PROBLEM TO SOLVE >>
Please write out exactly the lines of the data below from the line holding "Photo - 1033 W Pine Ave" through the line holding "Читарингул: Well Designed", and leave out the rest.

[Collection entries]
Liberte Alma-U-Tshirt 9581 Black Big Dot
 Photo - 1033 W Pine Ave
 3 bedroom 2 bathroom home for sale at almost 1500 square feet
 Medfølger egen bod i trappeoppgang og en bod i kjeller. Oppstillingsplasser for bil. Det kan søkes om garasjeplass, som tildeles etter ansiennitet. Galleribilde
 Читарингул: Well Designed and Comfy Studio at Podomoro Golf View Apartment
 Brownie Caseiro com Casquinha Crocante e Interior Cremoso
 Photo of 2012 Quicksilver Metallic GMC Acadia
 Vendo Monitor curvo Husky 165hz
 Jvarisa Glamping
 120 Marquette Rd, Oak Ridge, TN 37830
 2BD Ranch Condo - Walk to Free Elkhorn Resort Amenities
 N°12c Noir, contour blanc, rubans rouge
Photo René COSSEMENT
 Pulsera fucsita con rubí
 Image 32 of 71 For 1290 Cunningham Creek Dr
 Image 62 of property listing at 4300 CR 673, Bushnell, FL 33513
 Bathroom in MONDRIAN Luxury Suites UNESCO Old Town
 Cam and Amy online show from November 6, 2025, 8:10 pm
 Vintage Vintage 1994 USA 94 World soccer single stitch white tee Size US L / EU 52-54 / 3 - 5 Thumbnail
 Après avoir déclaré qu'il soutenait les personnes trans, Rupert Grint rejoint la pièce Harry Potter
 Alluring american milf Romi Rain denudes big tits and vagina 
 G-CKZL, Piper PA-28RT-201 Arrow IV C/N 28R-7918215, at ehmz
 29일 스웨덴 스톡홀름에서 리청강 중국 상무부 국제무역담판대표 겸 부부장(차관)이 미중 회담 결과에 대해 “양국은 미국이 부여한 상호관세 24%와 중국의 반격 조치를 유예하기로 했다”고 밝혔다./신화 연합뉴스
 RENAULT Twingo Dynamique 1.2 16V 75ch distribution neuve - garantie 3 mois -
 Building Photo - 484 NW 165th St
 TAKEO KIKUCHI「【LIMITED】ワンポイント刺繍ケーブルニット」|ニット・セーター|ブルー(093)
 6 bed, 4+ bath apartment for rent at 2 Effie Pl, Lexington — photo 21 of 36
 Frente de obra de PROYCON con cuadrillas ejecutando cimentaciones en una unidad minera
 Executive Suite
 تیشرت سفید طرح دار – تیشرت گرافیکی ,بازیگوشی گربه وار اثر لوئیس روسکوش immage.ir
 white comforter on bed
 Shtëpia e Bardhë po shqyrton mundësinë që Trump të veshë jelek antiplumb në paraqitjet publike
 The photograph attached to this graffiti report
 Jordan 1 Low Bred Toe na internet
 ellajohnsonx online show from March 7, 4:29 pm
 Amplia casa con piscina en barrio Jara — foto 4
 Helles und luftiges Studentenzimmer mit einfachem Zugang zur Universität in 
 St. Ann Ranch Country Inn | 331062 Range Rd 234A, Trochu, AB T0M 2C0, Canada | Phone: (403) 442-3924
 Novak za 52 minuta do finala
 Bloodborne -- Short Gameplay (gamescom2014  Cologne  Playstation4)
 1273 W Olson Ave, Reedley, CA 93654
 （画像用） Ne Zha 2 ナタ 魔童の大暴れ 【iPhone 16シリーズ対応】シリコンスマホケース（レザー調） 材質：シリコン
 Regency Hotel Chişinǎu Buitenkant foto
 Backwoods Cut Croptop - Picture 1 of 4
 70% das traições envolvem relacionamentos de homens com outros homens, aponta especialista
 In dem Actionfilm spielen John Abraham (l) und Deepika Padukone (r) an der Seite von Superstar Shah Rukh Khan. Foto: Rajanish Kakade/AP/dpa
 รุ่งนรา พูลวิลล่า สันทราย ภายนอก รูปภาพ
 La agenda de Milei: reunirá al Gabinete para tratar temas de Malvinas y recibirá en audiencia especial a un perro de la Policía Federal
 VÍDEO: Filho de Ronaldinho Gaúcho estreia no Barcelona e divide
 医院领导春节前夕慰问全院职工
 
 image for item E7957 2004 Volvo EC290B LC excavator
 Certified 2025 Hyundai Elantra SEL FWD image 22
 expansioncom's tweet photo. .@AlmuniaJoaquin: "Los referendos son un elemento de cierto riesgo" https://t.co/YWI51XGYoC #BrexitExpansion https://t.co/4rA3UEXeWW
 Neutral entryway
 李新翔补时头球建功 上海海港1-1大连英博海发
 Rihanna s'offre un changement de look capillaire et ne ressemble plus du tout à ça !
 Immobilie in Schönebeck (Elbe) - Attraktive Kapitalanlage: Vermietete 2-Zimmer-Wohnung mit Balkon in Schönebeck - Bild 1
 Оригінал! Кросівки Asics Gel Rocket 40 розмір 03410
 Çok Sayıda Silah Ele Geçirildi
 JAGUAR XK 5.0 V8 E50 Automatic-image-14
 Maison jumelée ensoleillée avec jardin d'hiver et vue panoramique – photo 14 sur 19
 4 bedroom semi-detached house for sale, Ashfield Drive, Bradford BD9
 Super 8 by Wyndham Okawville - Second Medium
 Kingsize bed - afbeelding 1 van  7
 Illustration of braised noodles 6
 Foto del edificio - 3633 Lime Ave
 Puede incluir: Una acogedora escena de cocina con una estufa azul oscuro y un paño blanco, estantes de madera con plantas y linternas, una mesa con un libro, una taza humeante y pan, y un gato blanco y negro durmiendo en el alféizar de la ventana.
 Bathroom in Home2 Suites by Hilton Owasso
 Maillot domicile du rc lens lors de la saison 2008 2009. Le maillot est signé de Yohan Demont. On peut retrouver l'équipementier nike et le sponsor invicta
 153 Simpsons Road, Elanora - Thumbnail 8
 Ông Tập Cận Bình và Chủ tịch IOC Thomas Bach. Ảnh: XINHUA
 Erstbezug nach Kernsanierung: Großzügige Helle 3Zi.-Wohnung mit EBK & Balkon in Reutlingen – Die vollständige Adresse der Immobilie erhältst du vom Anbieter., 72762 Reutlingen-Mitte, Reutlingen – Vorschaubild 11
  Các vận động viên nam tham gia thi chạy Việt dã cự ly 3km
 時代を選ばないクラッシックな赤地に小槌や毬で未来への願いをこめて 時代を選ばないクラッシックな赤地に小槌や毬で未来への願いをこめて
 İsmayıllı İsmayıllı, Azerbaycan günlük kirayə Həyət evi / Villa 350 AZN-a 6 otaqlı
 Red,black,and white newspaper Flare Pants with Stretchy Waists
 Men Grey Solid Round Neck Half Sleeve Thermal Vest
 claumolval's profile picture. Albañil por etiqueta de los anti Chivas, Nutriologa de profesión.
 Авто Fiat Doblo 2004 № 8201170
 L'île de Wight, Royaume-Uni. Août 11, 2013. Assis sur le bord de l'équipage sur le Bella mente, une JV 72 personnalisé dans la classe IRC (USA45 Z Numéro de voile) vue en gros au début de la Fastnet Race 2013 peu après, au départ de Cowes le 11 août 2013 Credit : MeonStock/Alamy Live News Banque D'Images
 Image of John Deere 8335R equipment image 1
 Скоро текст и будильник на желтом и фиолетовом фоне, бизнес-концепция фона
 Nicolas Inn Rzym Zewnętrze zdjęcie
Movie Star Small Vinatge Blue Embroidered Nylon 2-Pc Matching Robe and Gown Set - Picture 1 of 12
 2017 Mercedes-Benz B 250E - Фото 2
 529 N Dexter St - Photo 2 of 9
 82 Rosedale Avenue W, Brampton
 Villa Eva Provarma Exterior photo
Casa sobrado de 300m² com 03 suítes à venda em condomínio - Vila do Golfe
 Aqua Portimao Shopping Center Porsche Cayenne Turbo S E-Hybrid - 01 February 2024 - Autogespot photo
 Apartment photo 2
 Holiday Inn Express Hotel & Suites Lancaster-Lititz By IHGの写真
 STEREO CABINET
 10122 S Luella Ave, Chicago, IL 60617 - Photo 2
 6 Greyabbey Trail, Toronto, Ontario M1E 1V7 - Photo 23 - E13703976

ANSWER SECTION >>
 Photo - 1033 W Pine Ave
 3 bedroom 2 bathroom home for sale at almost 1500 square feet
 Medfølger egen bod i trappeoppgang og en bod i kjeller. Oppstillingsplasser for bil. Det kan søkes om garasjeplass, som tildeles etter ansiennitet. Galleribilde
 Читарингул: Well Designed and Comfy Studio at Podomoro Golf View Apartment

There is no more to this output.